▶ [Data shown]
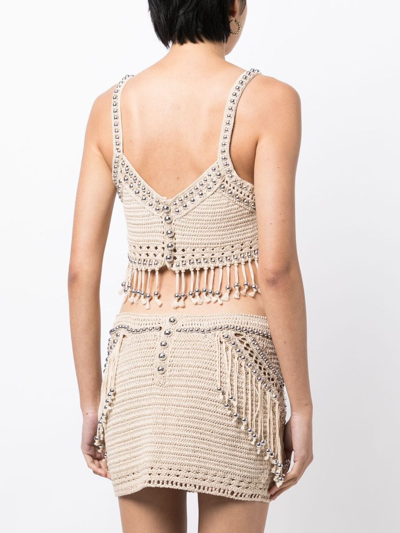 Shop Paco Rabanne Bead-embellished Cropped Top In Brown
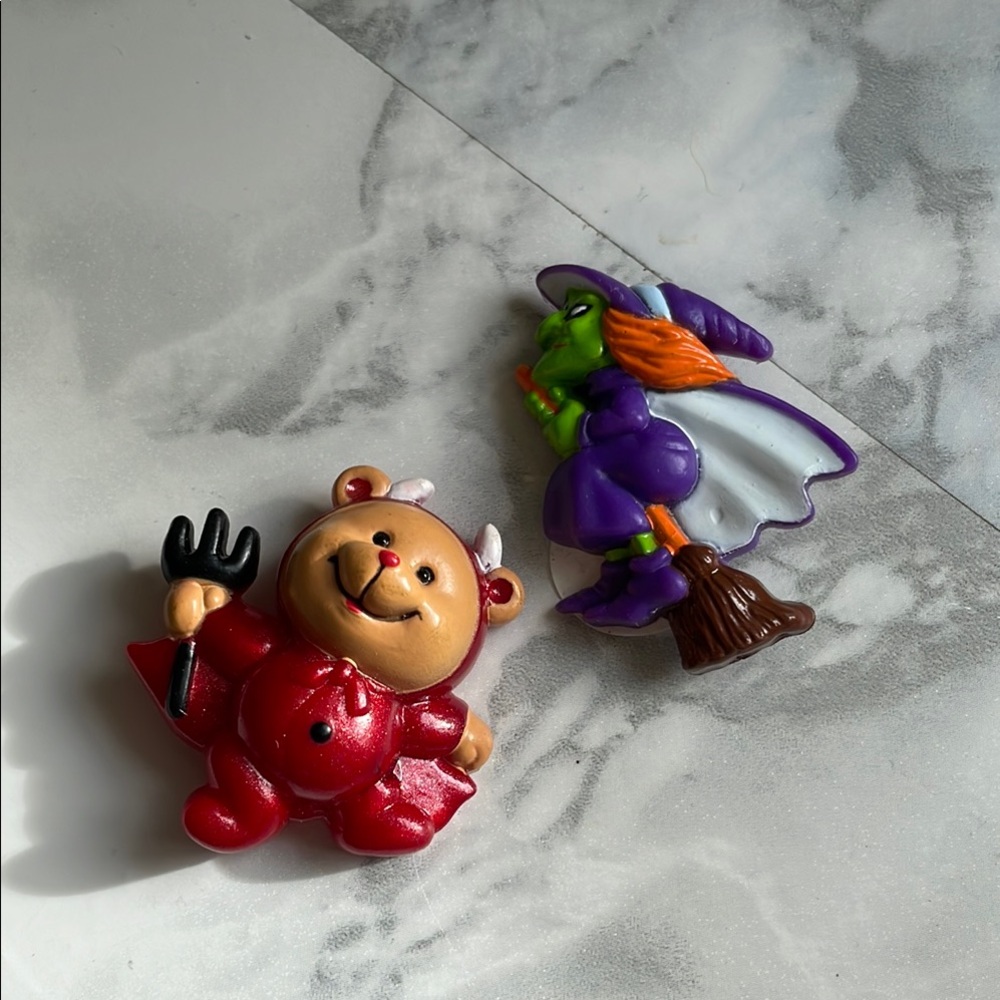VINTAGE Red Devil Bear and Purple Witch pin/brooch set
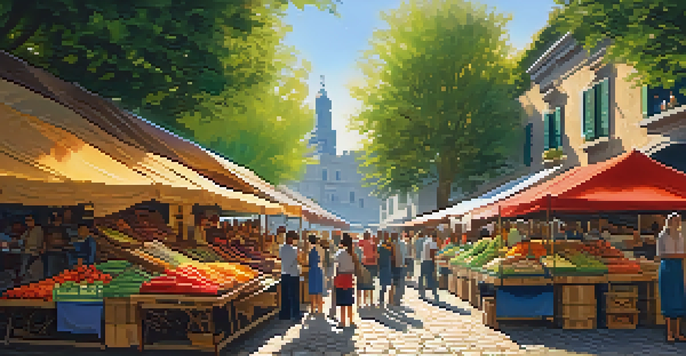 A busy market scene with colorful stalls, fresh produce, and people interacting, lit by warm sunlight.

▶ [Task to carry out] Make an exact copy of the listing. Leave its pictures out.

▶ [Exercise solution]
 Shop Paco Rabanne Bead-embellished Cropped Top In Brown
VINTAGE Red Devil Bear and Purple Witch pin/brooch set
 A busy market scene with colorful stalls, fresh produce, and people interacting, lit by warm sunlight.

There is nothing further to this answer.